Was die IQWiG-Gutachten angeht, darf man sich keinen Illusionen hingeben: Die Ergebnisse und erst recht die Methoden sind nur für eine begrenzte Fachöffentlichkeit interessant. Relevant sind sie aber für alle Menschen in der gesetzlichen Krankenversicherung. Denn nur das, was nachweislich nützt, kommt in den Leistungskatalog der Kassen, wird von ihnen also erstattet. (Na gut, das war jetzt arg idealisiert: Schließlich zahlen viele Kassen auch für Homöopathie, während wir unsere Brillen weitgehend selbst finanzieren dürfen.)
Und was das Autoimmunbuch betrifft, so sind Autoimmunerkrankungen in den letzten Jahrzehnten deutlich häufiger geworden. Die meisten Menschen wissen sehr wenig über den Aufbau und die Arbeit des Immunsystems. Wenn das System dann dauerhaft versagt und unheimlicherweise Teile des eigenen Körpers zerstört, weckt das Ängste. Wissen tut gut!
Hast du irgendwelche interessanten externen/zusätzlichen Aufgaben/Tätigkeiten?
Außerhalb meiner IQWiG-Arbeitszeit mache ich bei der Köln-Bonner Regionalgruppe der „Scientists for Future“ mit. Kann sein, dass ich euch während meiner Woche als Kuratorin ein bisschen mit dem Thema Klimakrise nerve und für die Teilnahme am sogenannten Klimastreik am 20.09. werbe. Kann nicht nur sein: Wird so sein.
Irgendwelche interessanten Hobbies, von denen du uns erzählen möchtest?
Zusammen mit einem Freund, der Physiker ist, veröffentliche ich seit mittlerweile über 10 Jahren fast jeden Monat Fotos und Texte zu Mustern und Strukturen in der Natur. Irgendwann machen wir daraus mal eine Zeitschrift oder Jahrbücher. In einem Anfall von Größenwahn haben wir diesem Projekt den Namen „Principia“ gegeben, nach Isaac Newtons Hauptwerk. Wenn ich wandern gehe oder in der Küche oder auf dem Balkon werkele, achte ich immer darauf, ob sich dabei interessante Muster zeigen. So habe ich schon die Haut einer geräucherten Makrele an unser Küchenfenster gepappt, um sie im Durchlicht zu fotografieren. Und einen Beutel Rosenkohl nach linksdrehenden und rechtsdrehenden Köpfchen sortiert.

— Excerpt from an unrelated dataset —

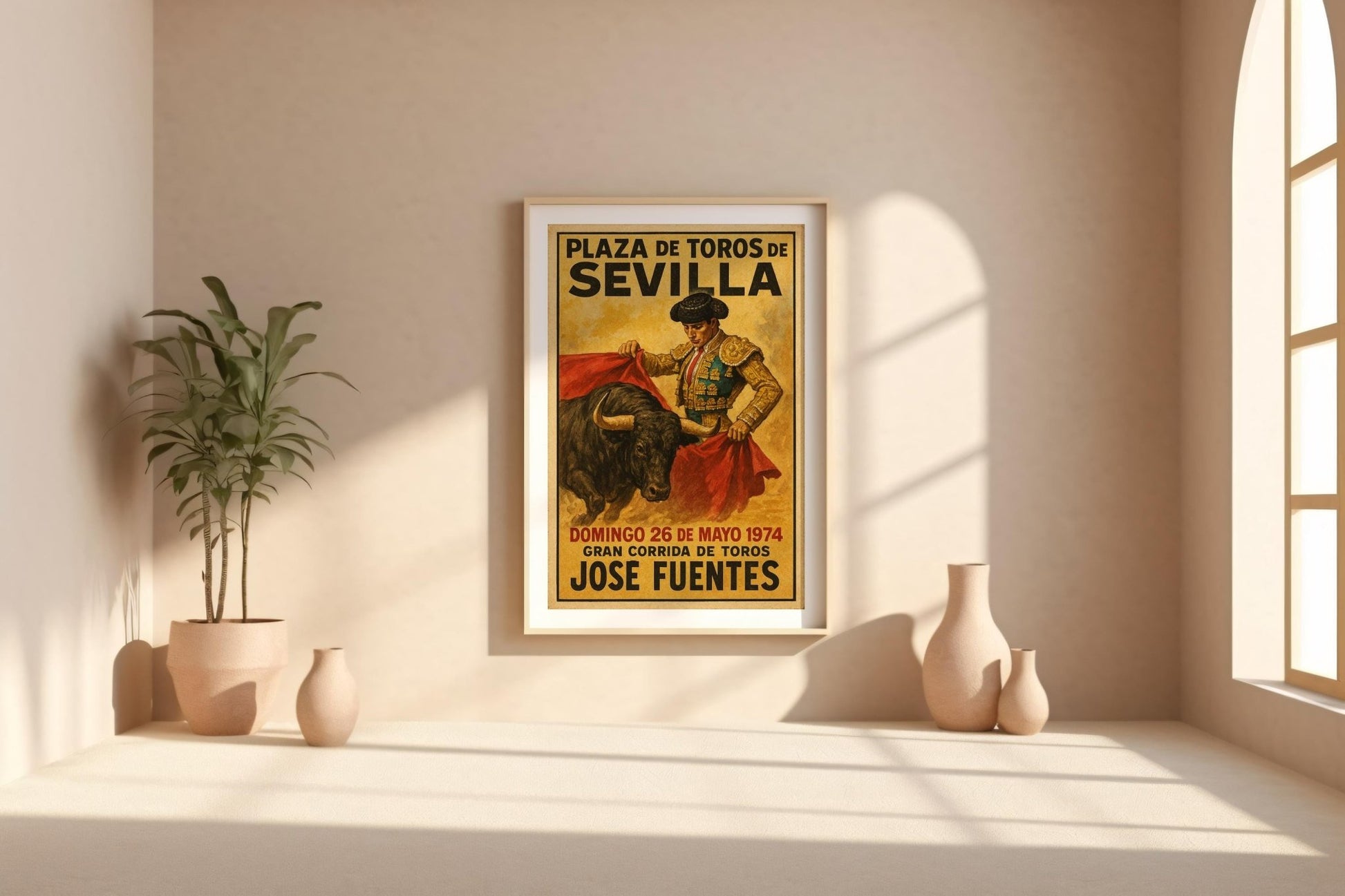Retro Sevilla Bullfight Poster – 1974 José Fuentes Matador Print, Vintage Spanish Plaza de Toros Corrida de Toros Wall Art - Just Great Posters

Wie sieht dein idealer freier Tag aus (Forscher sind ja auch nur Menschen)?
Wandern und dabei fotografieren. Oder mein Balkongemüse pflegen. Lesen. Möglichst keine E-Mails abrufen, aber das gelingt mir eigentlich nur im Urlaub.
Bitte begrüßt Andrea ganz herzlich bei Real Scientists DE!